Unless you want to see the movie solely for
the racing, this is as good as any of the Abbott
and Costello films. In addition to the always
wonderful stars, there is a good supporting
cast—film studios never had trouble getting
people to work with Abbott and Costello because
their films were guaranteed hits, no matter what
the topic was. Nat Pendleton, a 1920 Olympic
silver medalist who became a popular pro
wrestler before getting into film, plays the
boys’ hapless foil. Milburn Stone, whose fame
stems from many years as Doc on television’s
Gunsmoke, is the race track announcer. But the
real star, besides the marquee team, is the
midget car. Happenstance puts Costello behind
the wheel and off the track through one of the
funniest, most outrageous car chases in movie
history. Park your interest in
reality. Don’t take a drink of anything while
watching because—guaranteed—you’ll be snorting
it out as the guffaws are plentiful. Many years
later, Cannonball Run was among several films to
try to emulate this romp, but none comes close
to the pure fun in this showcase for the
unrivaled talent of Abbott and Costello.
Type of Racing: Midget cars
Tracks:
Gilmore Stadium, Los Angeles, California (now
defunct)
Reel Racers: Bud Abbott, Lou
Costello
Real Racers: None credited
Year of Release: 1947
DVD Length: 77
minutes Approx. On-Track: 2 minutes, plus 5
minute off-track chase sequence
Color/B&W: Black-and-white
Watch for:
. . . Pay attention to how the midgets are
started. No push. Rather they slip a strap
around the front axle, pull the cars and then
quick-release when the engine fires. And, for
you young uns in the crowd, that really was how
they started the cars then.
. . .
Continuity check: After they get the race car
out of the garage where $8,000 is owed on it,
the guys are sure they are going to be $50,000
richer after the race. But the sign at the
stadium clearly shows it’s a $20,000 purse.

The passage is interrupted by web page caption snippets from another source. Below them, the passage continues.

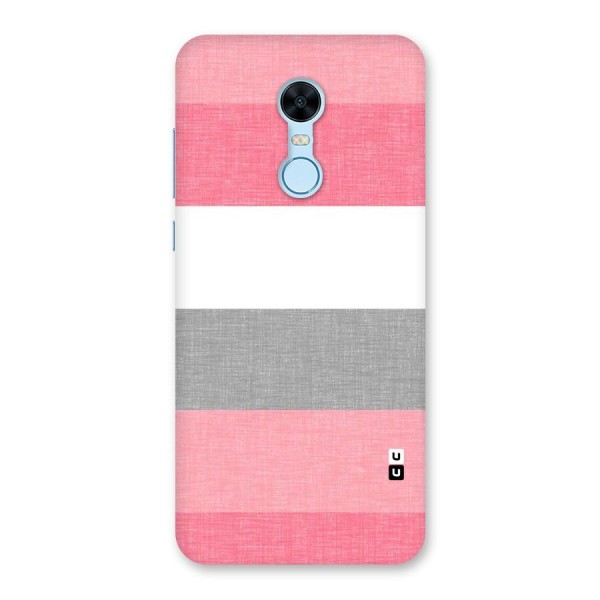 Shades Pink Stripes Back Case for Redmi Note 5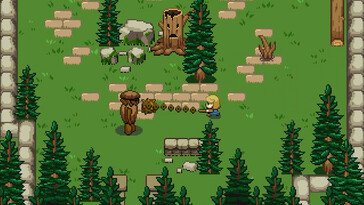 An image showing a battle in Ocean's Heart.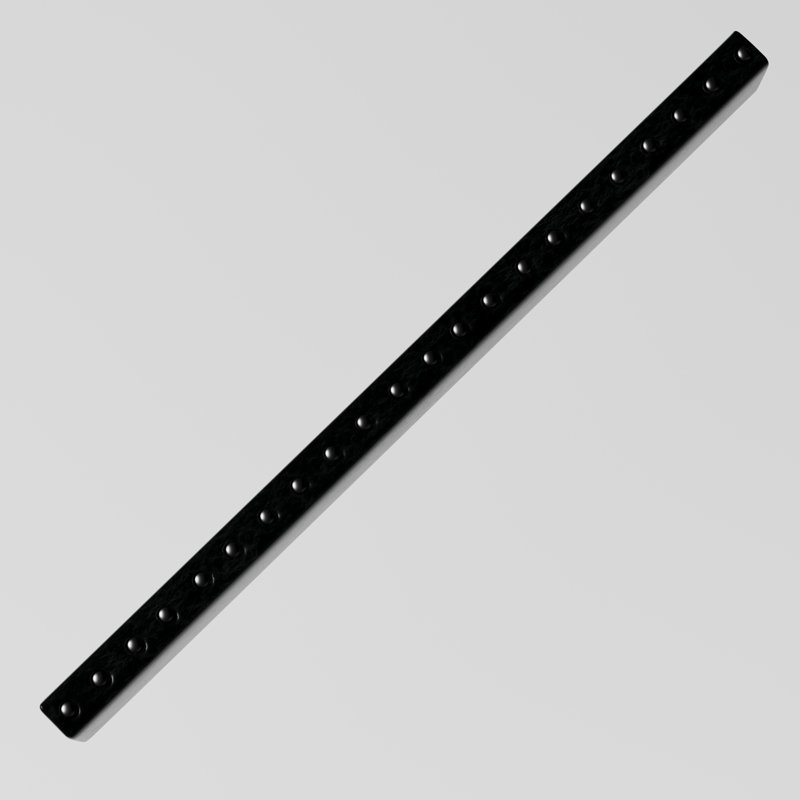 Left side wing  -black, Black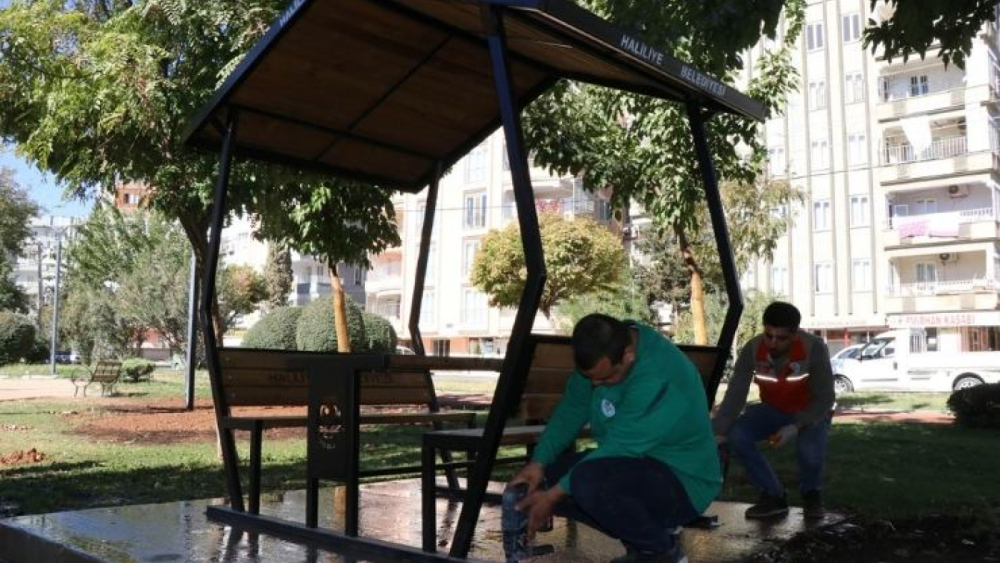 Haliliye’de Parklar Yenileniyor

“It’s (the race car) going to solve everybody’s
problem,” says heroine Sylvia. Except their math
computation skills, apparently.
. . .
“It’s a pip. And it will do 90 miles per hour!”
says Abbott on seeing the car for the first
time.
. . . While trying to get a G.I.
loan at a bank, the midget model begins to
backfire and the shadows appearing through the
frosted glass on the door make it appear that
Abbott and Costello are robbing the bank.
Surprisingly—or not—they don’t get that loan.
But at least the loan officer and the cops
didn’t jail ’em because then we’d have missed
the fabulous silliness that comes later.